Rails on SQLite: exciting new ways to cause outages

11 Sep 2025

Rails on SQLite: exciting new ways to cause outages

This post was originally given as a talk for Friendly.rb and Kaigi on Rails. The slides are also available.

Between Litestack and the Rails 8 trifecta of Solid Cable, Solid Cache, and Solid Queue, it’s easier than ever to spin up a Rails app that doesn’t need a database service, or a redis service, or a file storage service. It’s great to simplify things, but even after 20 years of deploying Rails apps I was still caught out by some of the ways things are different.

Based on what happened when I built a new side project in Rails on SQLite, we’ll cover what’s different, what’s new, and several ways that you can knock your site offline or even destroy your entire production database. As we go, we’ll also talk about the advantages of using SQLite, and how those differences can help you.

So who am I, how did I learn these things, and why should you listen to me? I’m André Arko, better known on the internet as @indirect. A long time ago, I helped create Bundler, and I’ve been the OSS team lead for RubyGems and Bundler for more than a decade at this point.

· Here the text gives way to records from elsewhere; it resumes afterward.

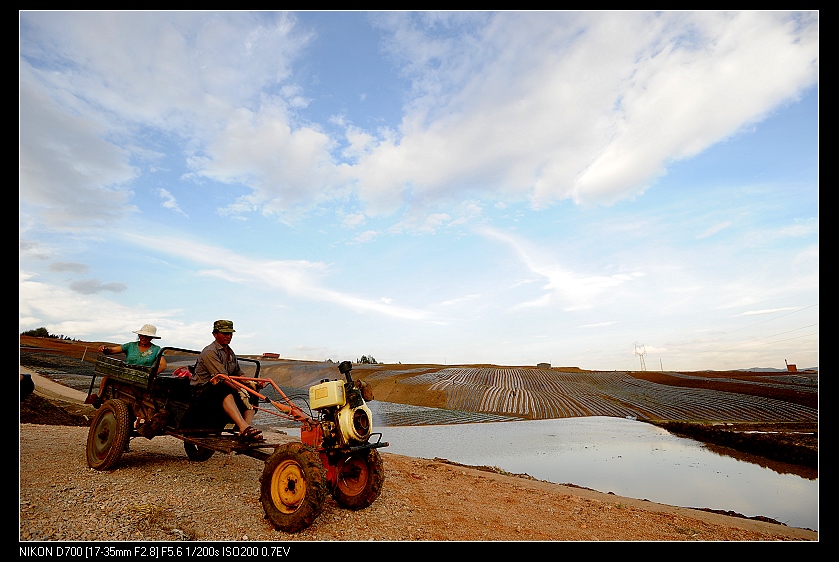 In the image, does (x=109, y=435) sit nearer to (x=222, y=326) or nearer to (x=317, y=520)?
(x=222, y=326)

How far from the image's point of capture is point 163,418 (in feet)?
18.8

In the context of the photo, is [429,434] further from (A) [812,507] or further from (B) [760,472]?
(A) [812,507]

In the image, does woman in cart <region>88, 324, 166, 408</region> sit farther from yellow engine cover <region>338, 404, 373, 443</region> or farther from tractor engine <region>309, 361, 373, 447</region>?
yellow engine cover <region>338, 404, 373, 443</region>

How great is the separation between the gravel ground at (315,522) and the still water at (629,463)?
4.49 feet

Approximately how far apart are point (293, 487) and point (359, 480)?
2.81 ft

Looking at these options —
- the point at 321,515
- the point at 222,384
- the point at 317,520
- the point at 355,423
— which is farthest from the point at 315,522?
the point at 222,384

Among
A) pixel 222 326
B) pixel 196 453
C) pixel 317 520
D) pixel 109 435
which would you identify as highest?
pixel 222 326

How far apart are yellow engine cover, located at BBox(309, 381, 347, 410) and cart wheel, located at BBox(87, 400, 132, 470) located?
115 inches

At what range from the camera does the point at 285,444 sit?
4.65 meters

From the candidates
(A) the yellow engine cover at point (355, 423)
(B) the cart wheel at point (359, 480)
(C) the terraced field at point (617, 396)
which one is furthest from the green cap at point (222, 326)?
(C) the terraced field at point (617, 396)

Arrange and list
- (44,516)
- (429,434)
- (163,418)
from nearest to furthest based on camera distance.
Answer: (44,516) → (163,418) → (429,434) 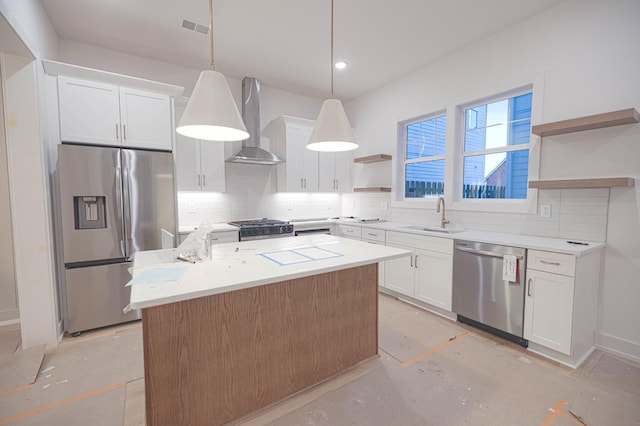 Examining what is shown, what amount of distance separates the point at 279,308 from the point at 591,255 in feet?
8.13

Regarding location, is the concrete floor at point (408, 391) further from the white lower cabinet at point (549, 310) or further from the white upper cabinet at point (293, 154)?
the white upper cabinet at point (293, 154)

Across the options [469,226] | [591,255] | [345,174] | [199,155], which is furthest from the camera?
[345,174]

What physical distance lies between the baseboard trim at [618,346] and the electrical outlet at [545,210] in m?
1.07

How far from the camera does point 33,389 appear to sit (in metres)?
2.00

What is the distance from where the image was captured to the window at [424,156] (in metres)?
3.83

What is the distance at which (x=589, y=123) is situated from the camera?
2.26 metres

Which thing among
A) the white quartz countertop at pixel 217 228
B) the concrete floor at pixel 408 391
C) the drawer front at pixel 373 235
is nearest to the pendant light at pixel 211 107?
the concrete floor at pixel 408 391

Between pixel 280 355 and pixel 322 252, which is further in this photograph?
pixel 322 252

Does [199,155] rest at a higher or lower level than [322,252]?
higher

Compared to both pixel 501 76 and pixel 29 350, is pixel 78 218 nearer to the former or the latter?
pixel 29 350

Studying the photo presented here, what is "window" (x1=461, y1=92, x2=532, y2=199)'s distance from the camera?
2.98 metres

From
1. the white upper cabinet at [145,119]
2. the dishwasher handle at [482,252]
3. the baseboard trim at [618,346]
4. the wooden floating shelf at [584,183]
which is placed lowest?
the baseboard trim at [618,346]

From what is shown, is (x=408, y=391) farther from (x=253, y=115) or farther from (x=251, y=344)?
(x=253, y=115)

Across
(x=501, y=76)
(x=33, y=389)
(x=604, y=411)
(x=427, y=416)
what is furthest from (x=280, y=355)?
(x=501, y=76)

I work at Spinel Cooperative, a collective of Ruby open source maintainers building rv, the Ruby language manager that can install Ruby in one second flat. We offer retainers for unlimited access to core team experts from Bundler, Rails, Hotwire, and more, who can answer your questions and solve your problems.

I’ve been deploying Rails applications to production since 2004, and most relevantly for this particular talk, I built a service called feedyour.email. Feed Your Email turns email subscriptions into RSS feeds that you can subscribe to in your feed reader. There is no signup, there are no accounts, you just go to the website and push a button to get an email address and a feed URL. Emails sent to that address will show up in that feed.

Feed Your Email is only possible as a service because of SQLite—if I had to maintain three Postgres instances and a couple of web instances and a couple of worker instances, I would have felt like it was too much hassle and cost too much money, and given up. SQLite reduced the complexity of building and deploying this service to the point where I was able to do it casually, for fun, and keep it running for everyone while feeling like it was worth it just for my own personal use.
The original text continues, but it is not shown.